With the win, the 32-year-old software engineer from Chicago added to $118K in career cashes, all coming since 2017.
“I’ve tried a couple of times going pro,” he said. “I love coming to Vegas for tournaments.”
Official Final Table Results
Place | Player | Prize |
---|---|---|
1 | Ben Craig | $25,834 |
2 | Pete Dailey | $15,964 |
3 | Lewis Robledo | $10,467 |
4 | Viny Lima | $7,195 |
5 | Terry Fleischer | $5,196 |
6 | Mike Shin | $3,954 |
7 | Daniel Sepiol | $3,178 |
8 | Ryan Lenaghan | $2,708 |
Craig hung around with a short stack as a fast pace was set by the other players to get down to the final table — and the money — over the first few hours of the day. Plenty of late-registering players helped boost the prize pool, with the likes of Mike Shin and Pat Lyons among those showing up to fire.
Pete Dailey, Lewis Robledo and Viny Lima had heaps going in, and indeed those three wound up four-handed with Craig while experienced players like Shin and Terry Fleischer went bust.
It looked like Craig would be headed to payouts in fourth when he got it in dominated with queen-jack suited against Lima’s jacks, but a queen on the turn saved Craig and he then busted Lima in a flip.

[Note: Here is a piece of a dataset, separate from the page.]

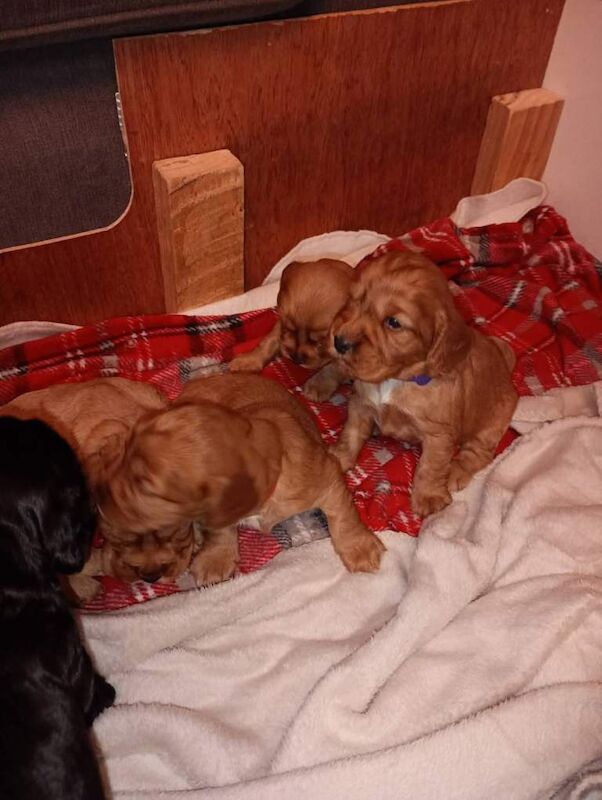 Cocker spaniel puppies - Image 3 of 4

Robledo and Dailey seemed determined to play huge pots, something Craig was all too happy to do as he caught fire, showing down some huge holdings such as full houses and aces up when he was committing large portions of his stack. A massive flip for more than 60 big blinds went his way to bust Robledo, and he suddenly had a large lead against Dailey heads up.

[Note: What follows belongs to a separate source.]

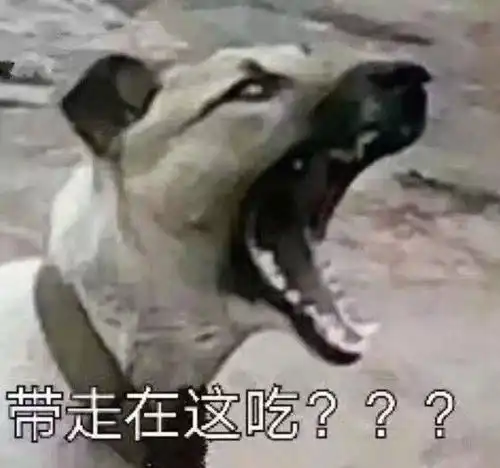 我和食堂大妈的日常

They played a big one on an ace-high board that Craig didn’t mean to make large, but he misclicked in a min-raise when he meant to call a turn bet and faced a big three-bet from Dailey. Holding an ace and a weak kicker, Craig stayed sticky.
“I just thought he was spazzing versus the misclick,” Craig said. “I thought about jamming. He was frustrated. I was making a lot of big hands.
“But, I figured if he river wasn’t a diamond [to make a three-flush] and he bluffed, I could get the rest.”
It was a diamond, but Dailey gave up, and Craig had him on the ropes. He then gambled with a flush draw and an overcard and got there versus top pair to seal it.
Craig said he plays most of his volume online, but he’s been increasing his play as the live scene slowly kicks back up. He said he’s on his third trip to Vegas since the summer, and he’s $25K richer for his next shot, whenever that comes.